Psalm 46

During our Wednesday Night Prayer prompt I mentioned that I have had a few come a part moments. I am thankful for those who texted me or sent me a message sharing that they understand since through this whole process they have also had their share of come a part moments. Ever since we have been asked to isolate my emotions have been all over the place. There are days when I think that we have made this a much bigger problem than it actually is. Then, there are days when I think we haven’t done enough. But most days I am mostly confused about what day it is.

I have told you before that I believe the book of Psalms is one of the most disjointed books in the entire Bible. One Psalm talks about despair and is followed by a psalm of rejoicing.
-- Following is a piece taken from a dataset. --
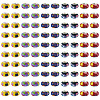 100Pcs 5 Colors Bohemian Style Resin European Beads RESI-TA0004-83-2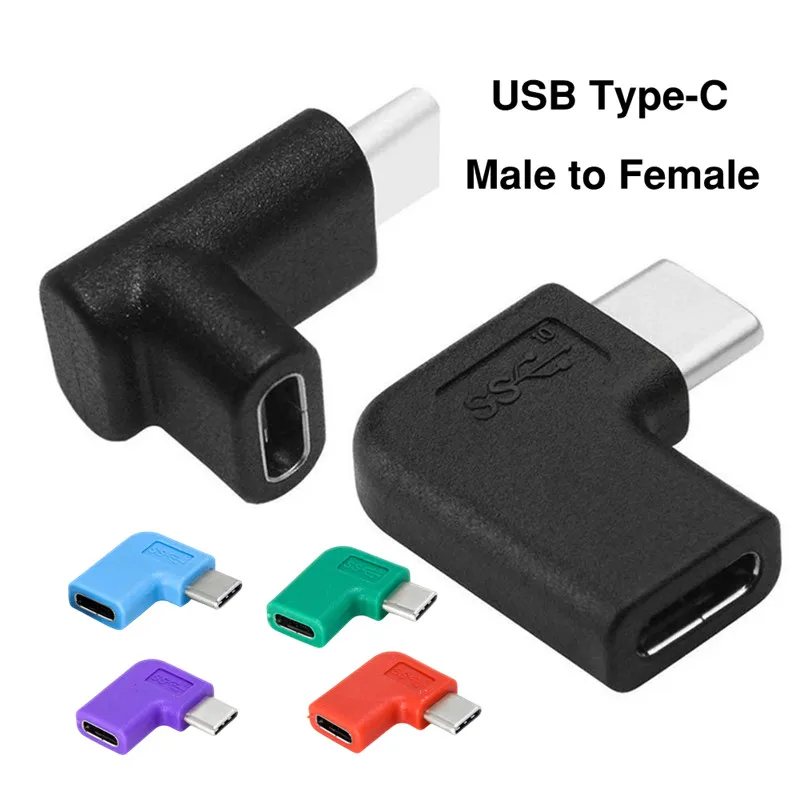 

Конвертер под прямым углом 90 градусов USB 3,1 Type C «штырь-гнездо»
Then you find a psalm remembering how God answered their call for deliverance which is followed by a psalm begging for God to hear them and show up in their struggles.

Maybe it is because my days have been so disjointed, that I have found myself in the book of Psalms. I was looking for something to describe where I was and what I was feeling during this time of isolation and happened upon the 46th Psalm and it seemed fitting for what we are experiencing this morning.

Before we read the Psalm I want to mention this interesting little word at the end of verse 3, 7, and 11. It’s the Hebrew word Selah. Some translations leave the word out, some refuse to translate it, and some use the word interlude. And while my Hebrew is extremely rusty, I prefer the way the Passion Translation uses the phrase, Pause in His presence.

The Psalm is in three parts, and today we are going to look at each section and then we are going to take a moment to pause and pray. This is a bit tricky to do in an online setting, but I believe it will be a blessing.

Look with me at Psalm 46, and I’ll be reading from the Passion Translation:

God, you’re such a safe and powerful place to find refuge! You’re a proven help in time of trouble— more than enough and always available whenever I need you. So we will never fear even if every structure of support were to crumble away. We will not fear even when the earth quakes and shakes, moving mountains and casting them into the sea. For the raging roar of stormy winds and crashing waves cannot erode our faith in you.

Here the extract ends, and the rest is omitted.